In this section we outline how RASP fits both into the technology stack, both during production deployment and build processes to create applications. We will show what that looks like and why it’s important to fit within these models for newer application security technologies. And we will close this section with a discussion of how RASP differs from other security technologies, and discuss advantages and tradeoffs between differing approaches.

As we mentioned in the introduction, our research into DevOps unearthed many questions on RASP. The questions came from non-traditional buyers of security products; application developers and product managers. Their teams, by and large, were running Agile development processes.
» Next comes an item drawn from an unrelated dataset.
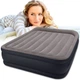 Двуспальная надувная кровать Intex 64136 (152 x 203 x 42 см) Deluxe Pillow Rest + Встроенный электронасос 220В - изображение 4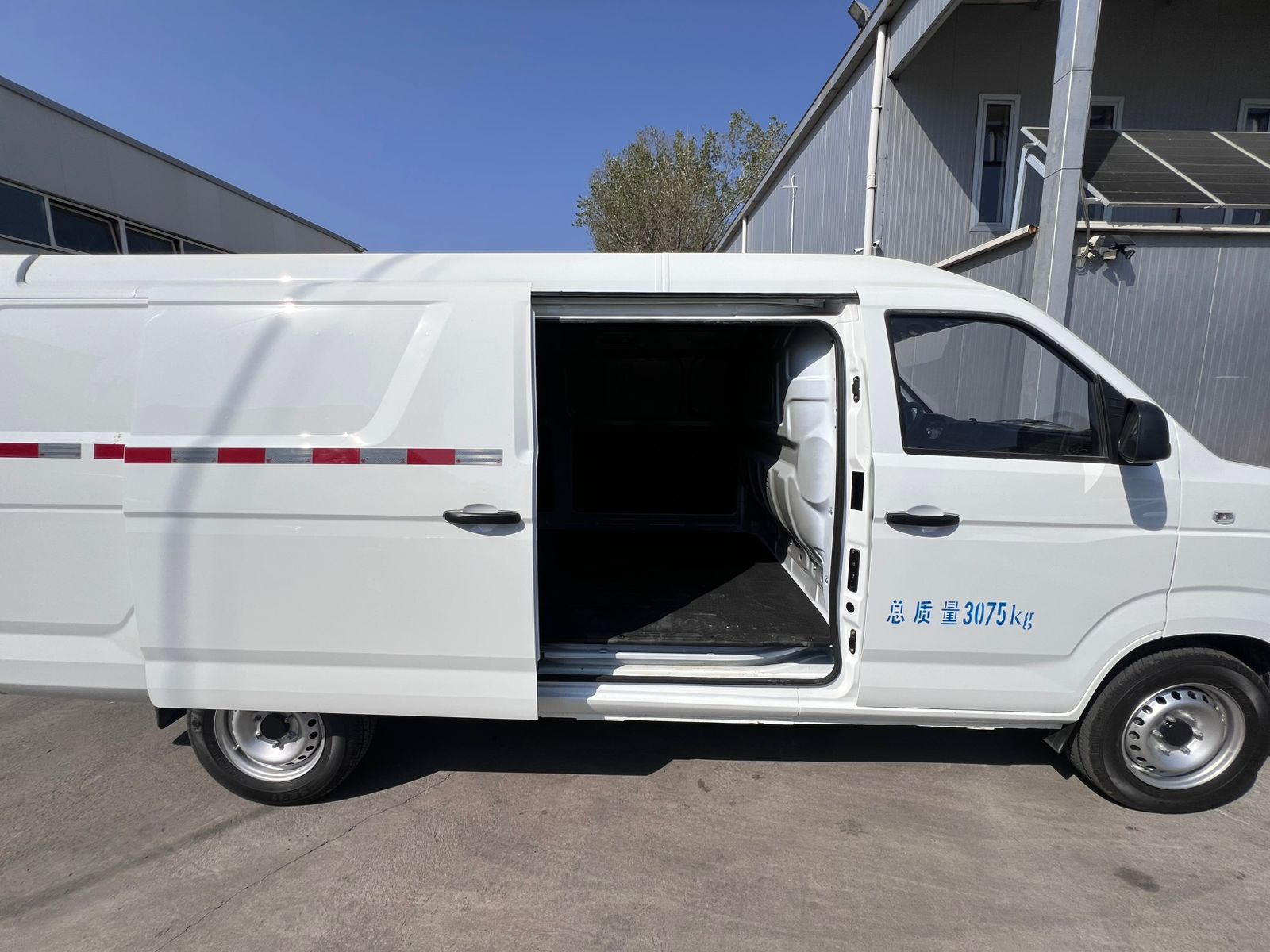 SENA EV 300 – CARGO VAN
And they wanted to know if RASP could effectively block attacks and fit within their process.

I filtered the hundreds of the customer call notes over the last two years, and the following are the top 7 RASP questions customers asked, more or less in order of how often often it was asked:

  • We presently use static analysis in our build process, but we are looking for solutions that scan code more quickly and we would also like a ‘preventative’ option. Can RASP help?
  • Development releases code twice daily, which is a little scary, because we only scan with static analysis once a week/month. Is RASP a suitable protection to fill in the gaps between scans?
  • We would like a solution that provides some 0-day protection at runtime, and sees the application calls.
  • Development is moving to a micro-services architecture, and WAF only provides visibility at the edge. Can we embed monitoring and blocking into micro-services?
  • We have lots applications with technical debt in security, our in-house and third party sourced code is not fully scanned, and we need CSS/XSRF/Injection protection. Should we look at WAF or RASP?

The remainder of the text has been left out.